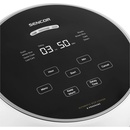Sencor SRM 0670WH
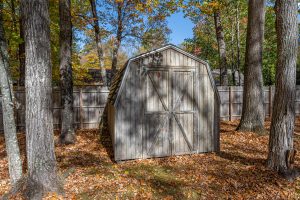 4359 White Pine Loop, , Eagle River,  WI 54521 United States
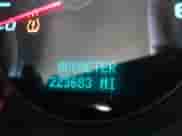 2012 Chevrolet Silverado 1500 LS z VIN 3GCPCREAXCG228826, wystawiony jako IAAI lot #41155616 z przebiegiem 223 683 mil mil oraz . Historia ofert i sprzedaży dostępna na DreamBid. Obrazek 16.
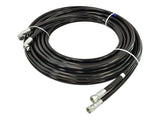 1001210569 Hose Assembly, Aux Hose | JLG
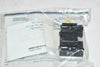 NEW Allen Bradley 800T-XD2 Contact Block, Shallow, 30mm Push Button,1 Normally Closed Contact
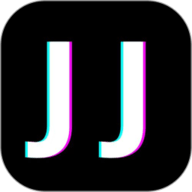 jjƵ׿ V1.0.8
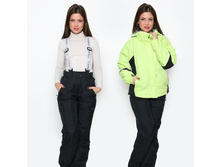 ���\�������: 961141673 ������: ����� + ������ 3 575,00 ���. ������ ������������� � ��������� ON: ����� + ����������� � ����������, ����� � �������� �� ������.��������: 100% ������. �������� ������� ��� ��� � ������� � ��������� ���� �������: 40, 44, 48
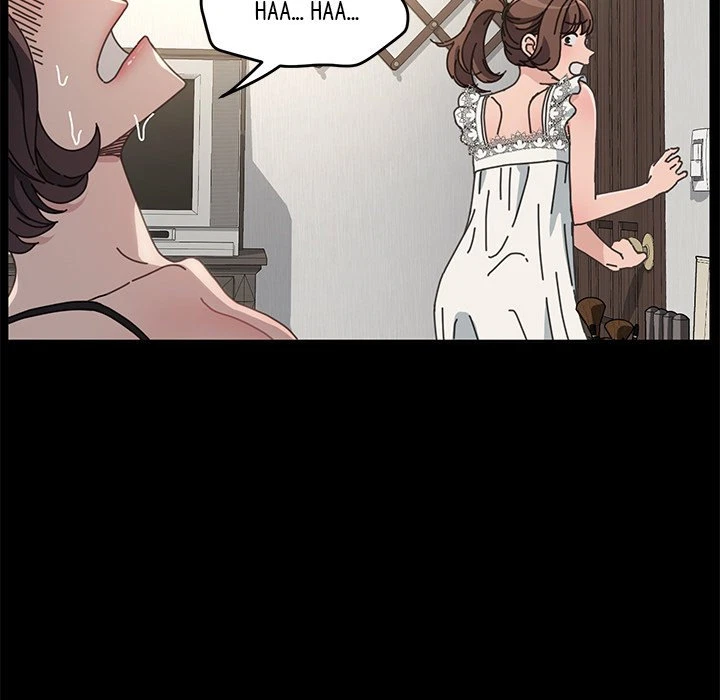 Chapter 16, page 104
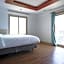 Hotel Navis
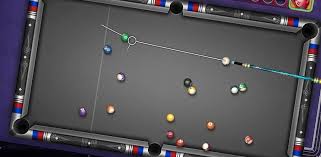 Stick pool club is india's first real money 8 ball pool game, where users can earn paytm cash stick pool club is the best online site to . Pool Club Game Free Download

- **EXERCISE REQUIREMENTS**
Reproduce the records in full and leave the images behind.

- **ANSWER FOR THE TASK**
Sencor SRM 0670WH
 4359 White Pine Loop, , Eagle River,  WI 54521 United States
 2012 Chevrolet Silverado 1500 LS z VIN 3GCPCREAXCG228826, wystawiony jako IAAI lot #41155616 z przebiegiem 223 683 mil mil oraz . Historia ofert i sprzedaży dostępna na DreamBid. Obrazek 16.
 1001210569 Hose Assembly, Aux Hose | JLG
 NEW Allen Bradley 800T-XD2 Contact Block, Shallow, 30mm Push Button,1 Normally Closed Contact
 jjƵ׿ V1.0.8
 ���\�������: 961141673 ������: ����� + ������ 3 575,00 ���. ������ ������������� � ��������� ON: ����� + ����������� � ����������, ����� � �������� �� ������.��������: 100% ������. �������� ������� ��� ��� � ������� � ��������� ���� �������: 40, 44, 48
 Chapter 16, page 104
 Hotel Navis
 Stick pool club is india's first real money 8 ball pool game, where users can earn paytm cash stick pool club is the best online site to . Pool Club Game Free Download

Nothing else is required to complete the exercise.